- PROBLEM REQUIREMENTS
The answer must be an exact copy of the lines from the one with "1536 Meadows Cir" through the final line below, with no pictures and nothing else.
---------- RECORDED INFORMATION
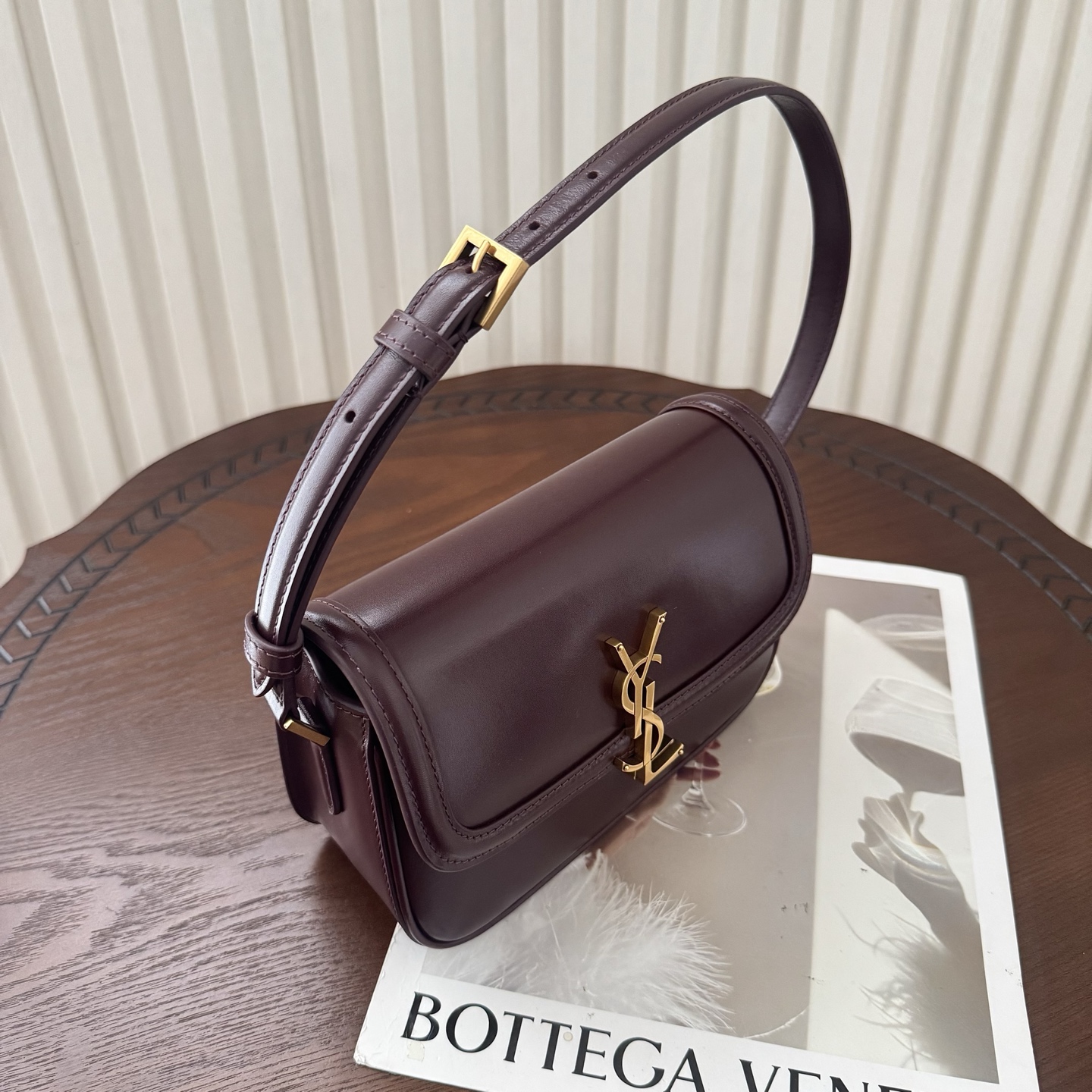 全套包装！Solferino腋下包，圆弧挺括的包型搭配经典的Cassandra logo，完成经典时尚的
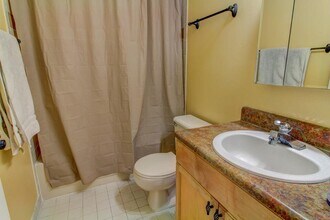 1536 Meadows Cir W, Unit 1536 in Boynton Beach, FL - Building Photo - Building Photo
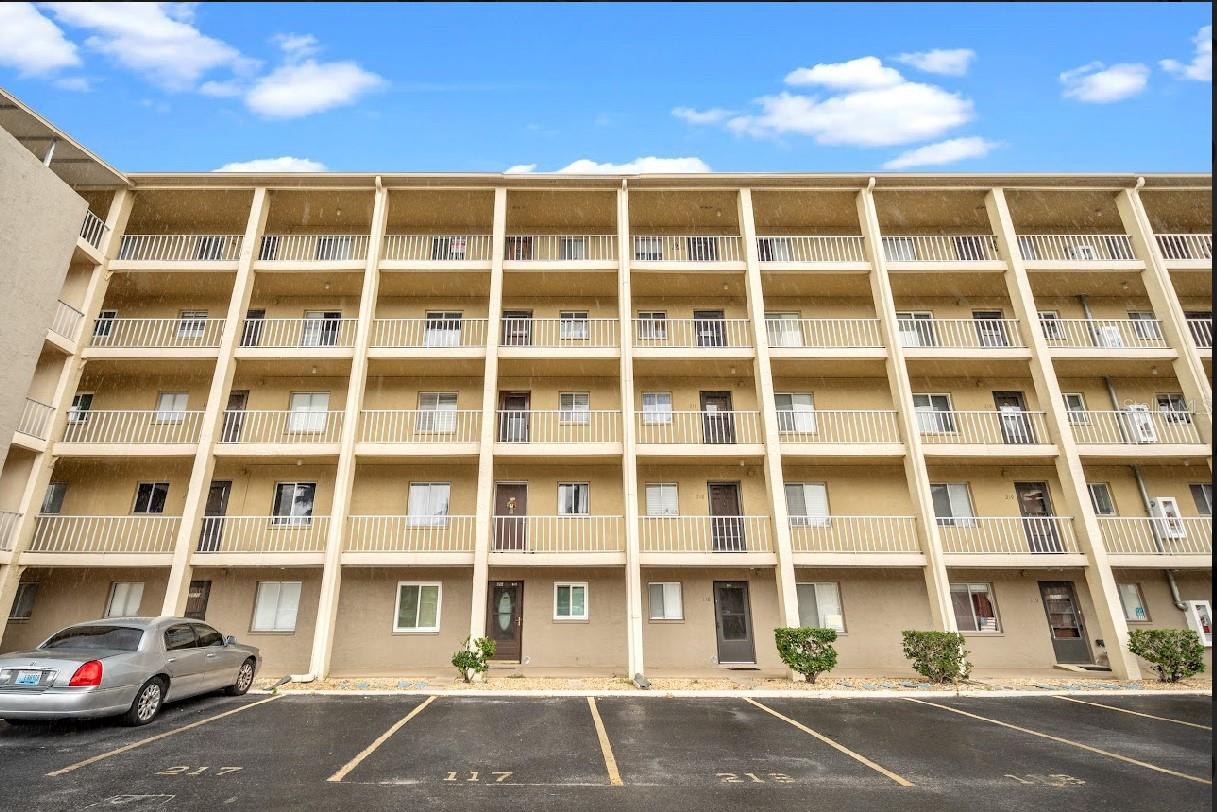 Image 31 of 32 For 3532 Lake Bayshore Drive K117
--------------------
- RESULT OF THE TASK
 1536 Meadows Cir W, Unit 1536 in Boynton Beach, FL - Building Photo - Building Photo
 Image 31 of 32 For 3532 Lake Bayshore Drive K117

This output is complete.